Teenage boys think there is nothing wrong with using alcohol and other tactics to pressure girls into having sex, a new study has found.
Researchers from Sheffield University presented 14 to 16-year-old boys and girls with different scenarios.
In a situation where a girl who was reluctant to have sex with her boyfriend, one boy suggested he could rape her if she continued to resist.
“It became clear that the participants were quite serious – seeming to try to differentiate between ‘just a bit of pressure’ and ‘proper rape’,” the researchers said.
The academics also interviewed girls, but found their responses to be more “sympathetic”.
“There were no instances where young females used violent or conquest-type language – yet this littered the male responses,” they said.
“This was particularly evident with the alarming manner in which rape was mentioned in two focus groups (with no evidence of disapproval from the other group participants) and also where young men discussed pressurising girls into sex.”
Some of the boys said that “using tactics like getting a girl drunk were acceptable”.
They recommended that boys need to be involved in “clear discussion about issues of consent and the withdrawal of consent within sexual encounters”.
The findings will bolster arguments against watering down the age of consent, which some view as a draconian measure that criminalises young people.

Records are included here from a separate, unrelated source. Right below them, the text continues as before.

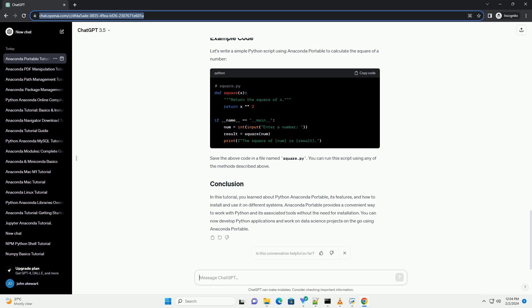Spyder is an open-source integrated development environment (IDE) for scientific computing and data analysis. To launch Spyder...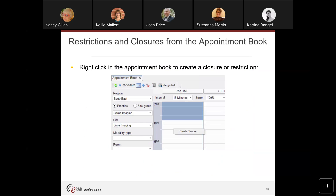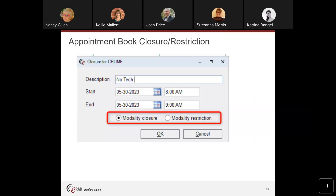You can also create a closure directly from the appointment book by right-clicking in the time slot and selecting create closure or restriction. For example, if a tech has a doctor's appointment and isn't available from 8 to 9, you'd choose modality closure so nothing can be scheduled. A restriction would be used for softer situations — like the tech isn't feeling well, or you want to prioritize biopsies but still allow other scheduling if no biopsies are booked. That can also be done via procedure availability. It's more of a warning to make staff think about why they're using that time slot.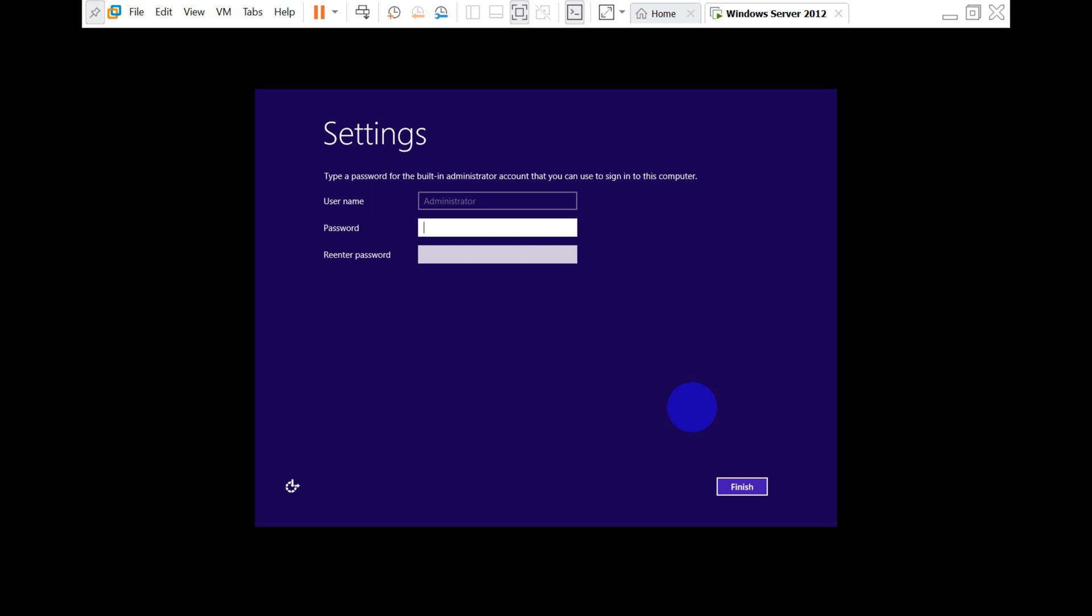Once it's rebooted, you will be prompted to create a password for the default administrator account. I'm going to give a password and confirm it again. After that, click on Finish. Make sure you're giving a complex password—sometimes a normal password will not be accepted.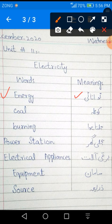The next word is Coal. Meaning is Koila. Jala.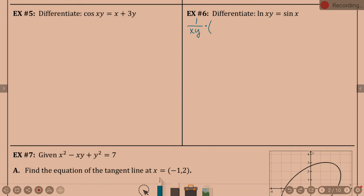That's going to be a product rule. So the derivative of x is 1, keep the y. And since that was derivative of the x term, we usually just leave it. Product rule says plus — now I'm going to keep the x. Derivative of y is 1, then times dy/dx. So that's the derivative of natural log of xy equals derivative of sine of x.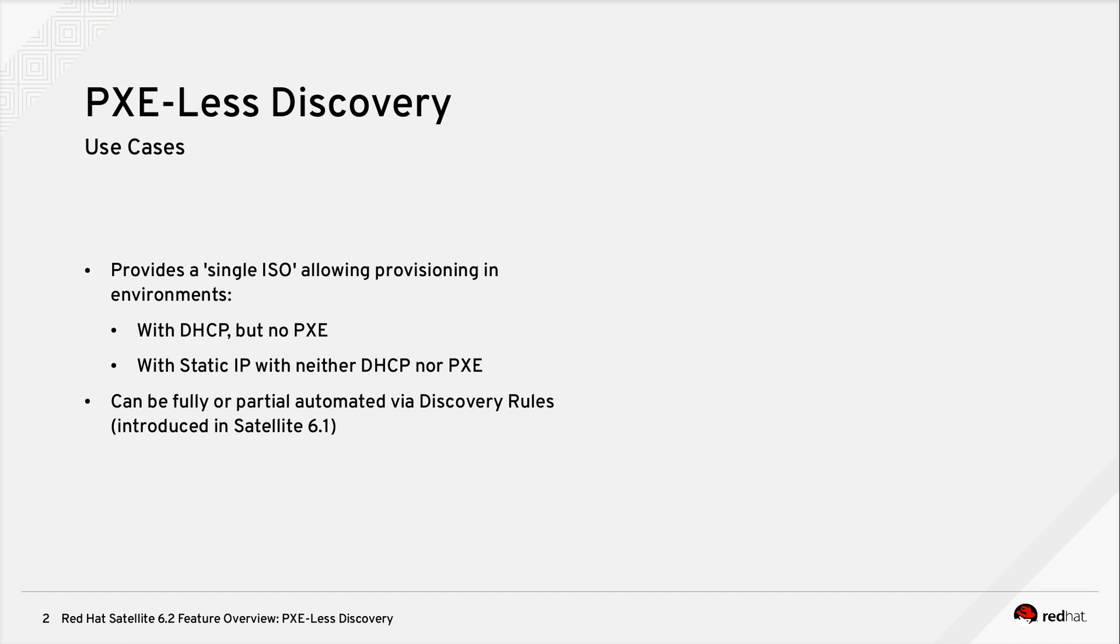PXE-Less Discovery enables new provisioning use cases greater than those previously existing. It provides a single ISO allowing provisioning in environments with DHCP but no PXE, or in environments with static IP addressing and neither DHCP nor PXE.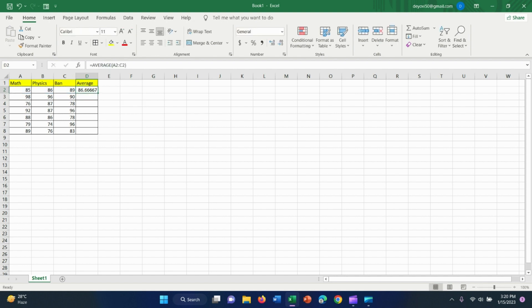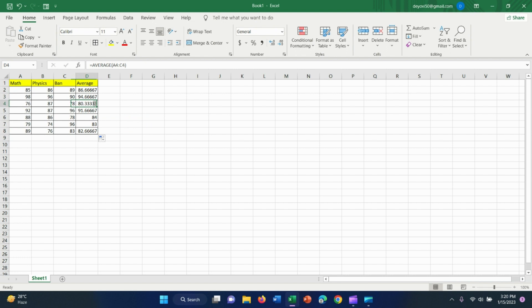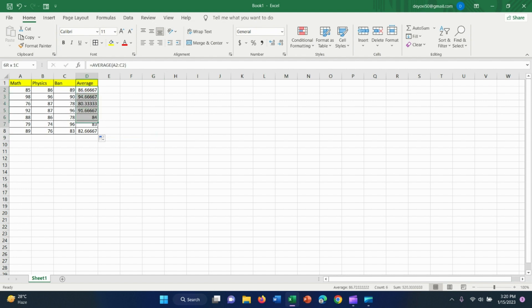Now complete the process. We have to drag the average formula across. You can easily do this with the next click.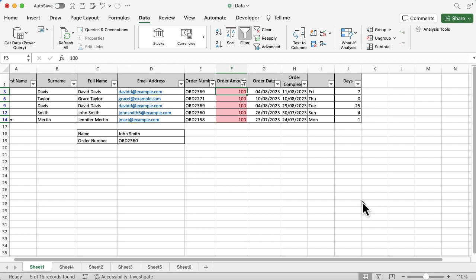So I'm only seeing the rows there that have 100 in that column. So a very quick, easy way, quick top tip here to work quicker with filters rather than having to go set them all up and go into them. It's much easier to do it this way.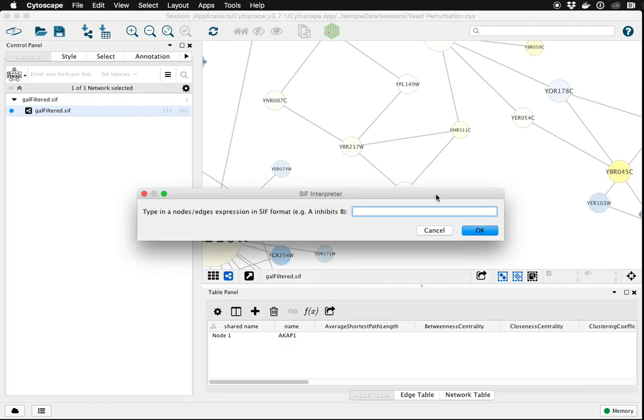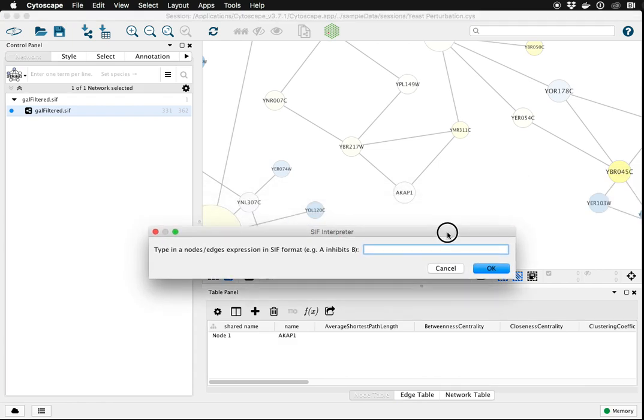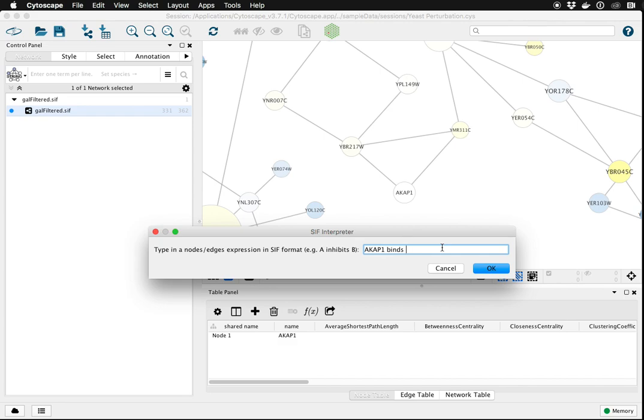The way this works is you simply type in the name of the source node, say ACAP1, and then the name of the interaction type, for example binds, and then a space and the target node. You can again type an existing node, or you can type a new node, and you can type more than one node.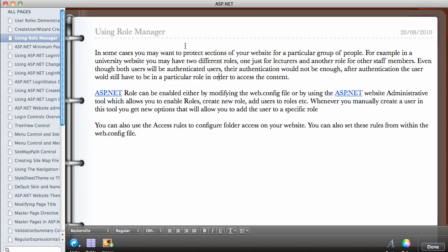ASP.NET role can be enabled either by modifying the web.config file or by using the ASP.NET website administrative tool which we used in the previous video. This will allow you to enable the roles, create new roles, add users to roles, or delete existing roles.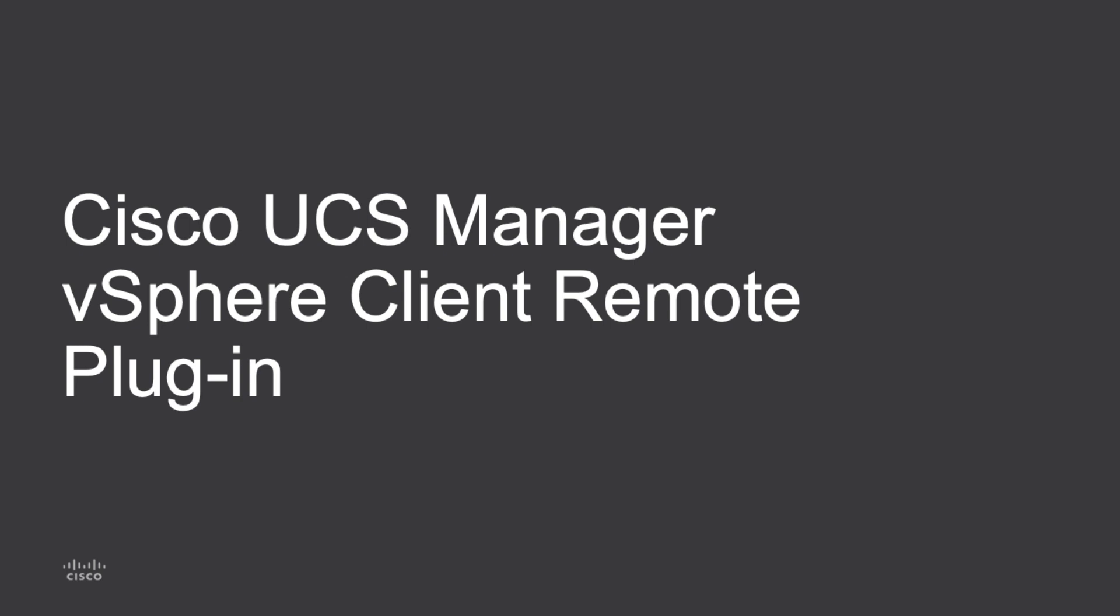Hi, I'm David Soper, and today I'll be going through an overview of the Cisco UCS Manager vSphere Client Remote Plugin, also known as the vCenter plugin.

But the Home Office has said that adolescents under 18 commit a third of all sex offences, with many of their victims aged 16 or under.
Earlier this year, the Scottish Law Commission and the Children’s Commissioner in Scotland proposed that sex between 13 to 15-year-olds should not be an offence under the age of consent law.
MSPs rejected the suggestion, but are now considering whether or not the law should be watered down so that some sexual activity between 13 to 15-year-olds is permitted.
The Christian Institute warns that undermining the age of consent would strip young people of the important protections the law provides.